MIAMI (CBSMiami) – ESPN recently announced it would become the exclusive home of the new college football playoff for reportedly close to $500 million. Between that deal and other television rights deals, sports are hitting an all-time in costs to networks and cable providers.
Unfortunately, that means that networks and cable providers are passing the increased costs down to customers.
According to the Los Angeles Times, the average household is spending $90 a month for cable or satellite television and roughly half of that amount pays for spots channels bundled into most services.
The bad news keeps coming for consumers as well as the L.A. Times reported that monthly cable and satellite bills are expected to rise by an average of 40 percent over the next three years thanks to rising costs.
It’s not just ESPN that is driving the costs associated with sports programming. Regional networks have been cutting deals with teams in recent years and are helping explode costs. From the Big Ten Network to the looming SEC Network and the Fox Sports Net’s, billions are being spent on sports.

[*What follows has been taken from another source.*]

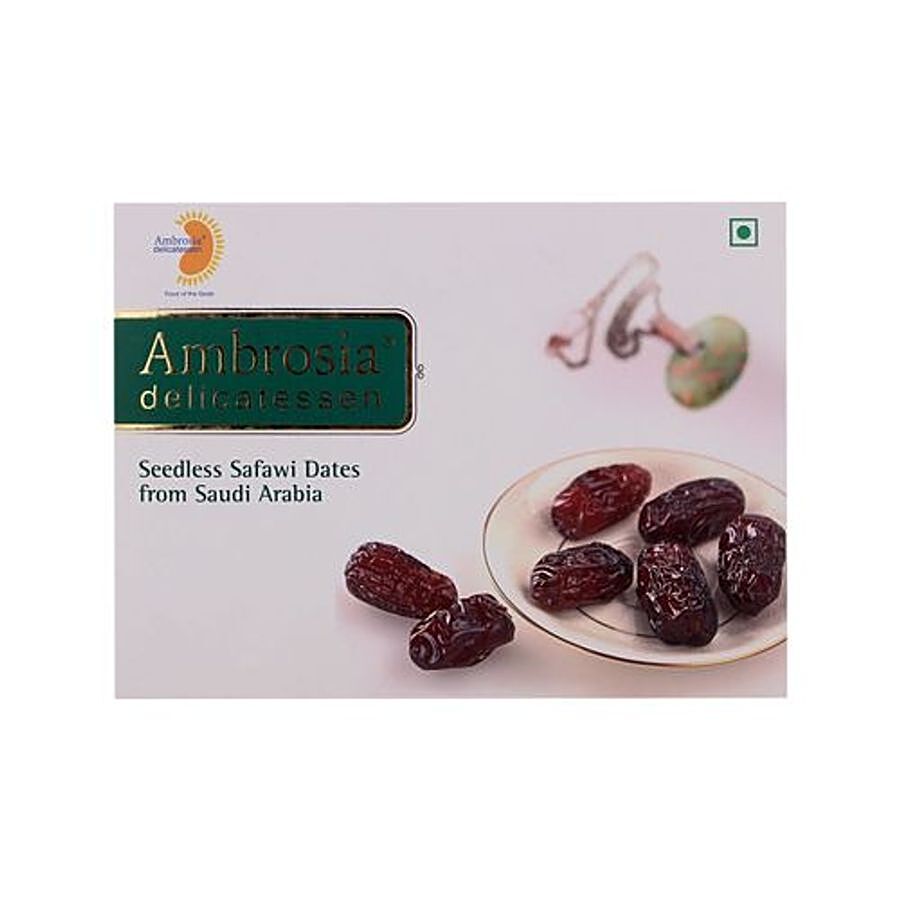 Ambrosia Delicatessen Seedless Safawi Dates from Saudi Arabia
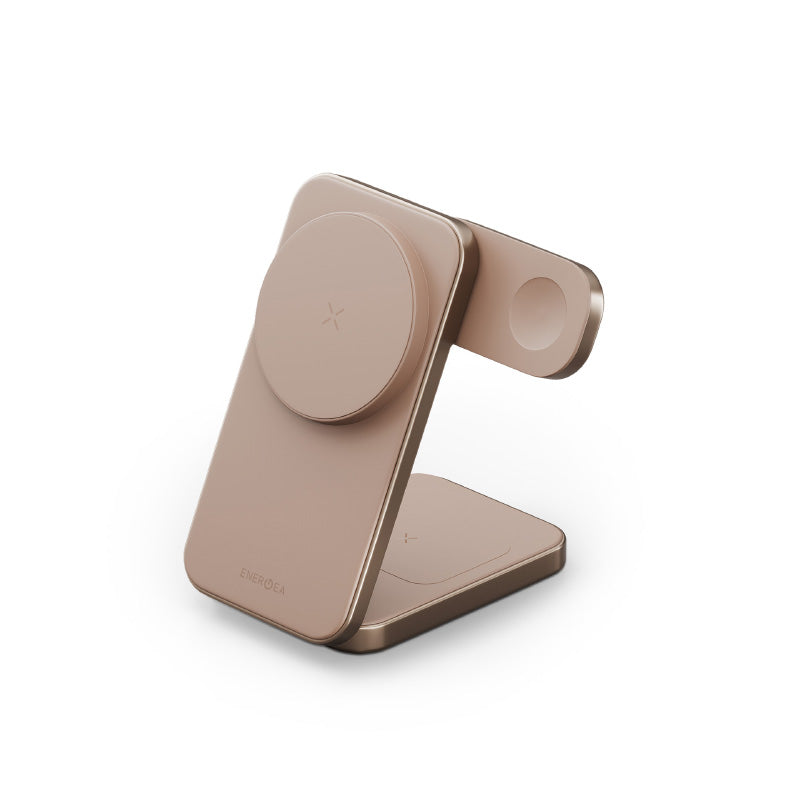 Energea MagTrio Plus 3-in-1 Foldable QI2 Magnetic Wireless Charger (Gold)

For example, according to the Times, the Los Angeles Lakers was paid $3 billion for a long term deal with Time Warner Cable. Combined with a proposed $6 billion by Fox Sports for the L.A. Dodgers rights, and the Times reported the two deals could add more than $10 a month to all pay-TV bills in the area, the Times reported.
Cable and broadcast channels that have sports programming are starting to squeeze higher subscriber fees, including ESPN getting more than $5 a month for each subscriber, according to the Times.
Unfortunately for consumers, the rights fees will likely keep rising until the prices reach a breaking point where customers will simply no longer pay the increased costs for the networks.